The company is officially driving trucks in Texas, with plans to further advance their trucking capabilities and continue to grow its dedicated Waymo Via trucking team

Earlier this year, the company started driving the company’s Chrysler Pacifica minivans in New Mexico and Texas to begin mapping in preparation for the trucks arriving.

A Waymo spokeswoman said the company will be testing along many of the interstates – I-10, I-20, and I-45.

“In addition to further advancing our trucking capabilities, we’re excited to explore how our tech might be able to create new transportation solutions in Texas, which has a high freight volume and is a favorable environment for deploying AVs,” according to the Waymo spokeswoman.

Waymo will also be hiring in the area. Employees will be based out of a facility in Dallas.

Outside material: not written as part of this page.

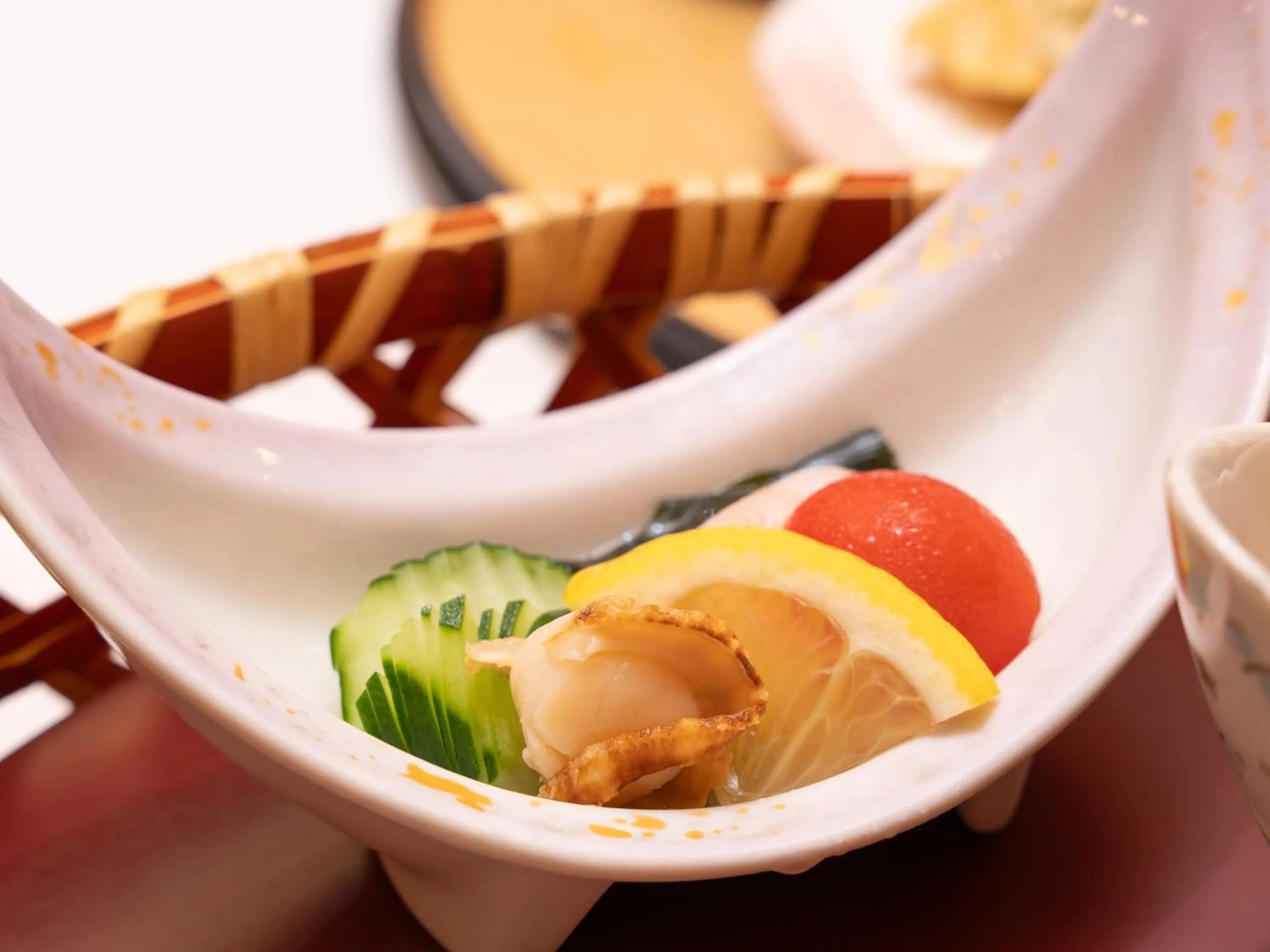 LiVEMAX RESORT Sakurajima Sea Front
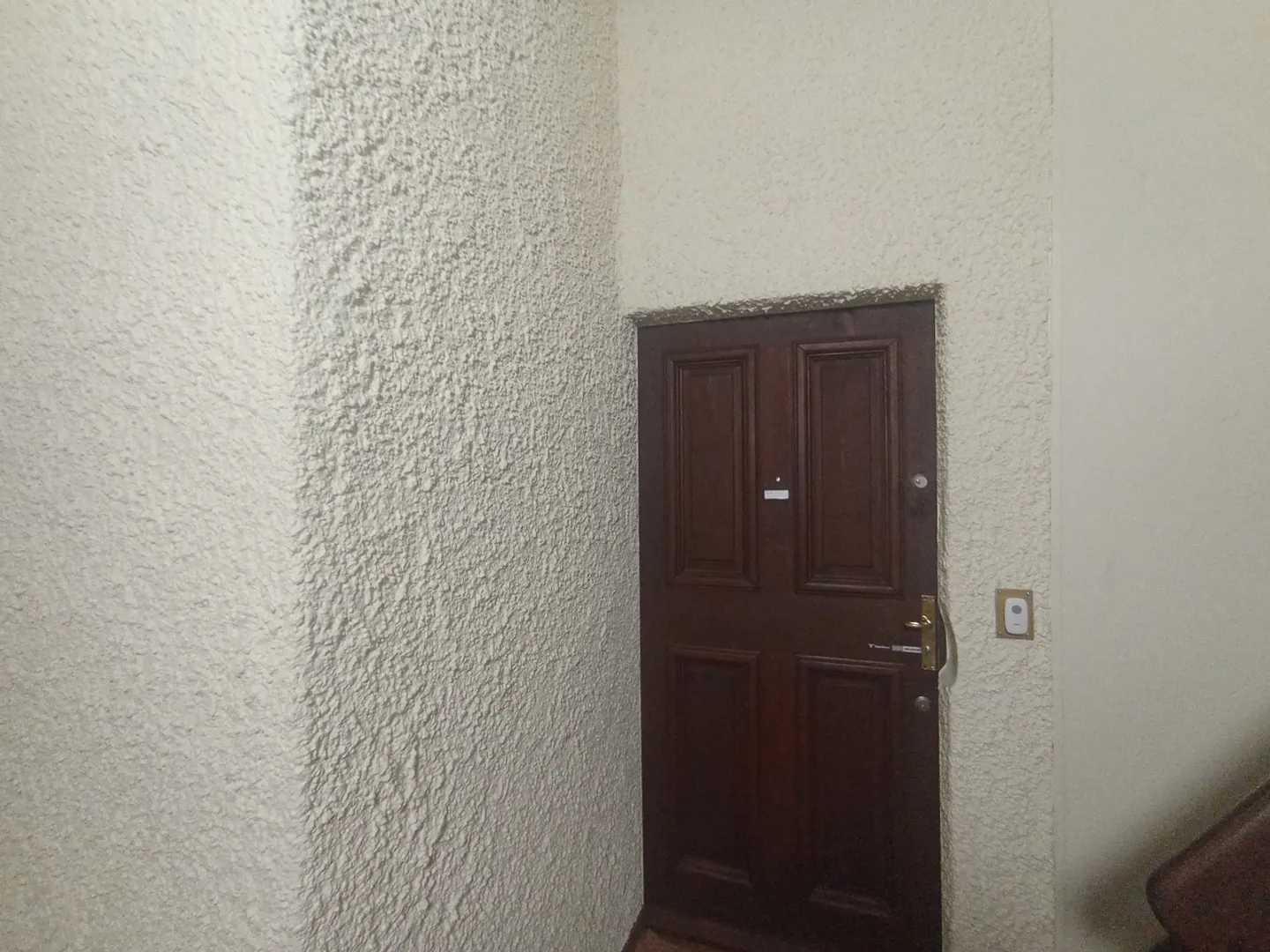Charmante Möblierte Wohnung - Foto 15 von 21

“The North Central Texas Council of Governments is pleased to welcome industry pioneer Waymo to North Texas,” said Tom Bamonte, NCTCOG senior program manager, automated vehicles. “We are fortunate to operate in a region and state where policy officials encourage innovative problem-solving, and decisions from companies like Waymo demonstrate they recognize they can both test their technology and succeed here. Our location and reliable transportation system make Dallas-Fort Worth a center for freight in the United States.  “As we continue to grow, technologies that allow us to maximize our existing transportation system will prove more critical. Waymo’s choice of Dallas-Fort Worth for its automated trucking hub helps the region prepare for the future of freight transportation and secure its leadership position.”

Waymo is not the only self-driving project in the state. Aurora, a self-driving company that focuses on vans and trucks, said in July it would be testing in North Texas.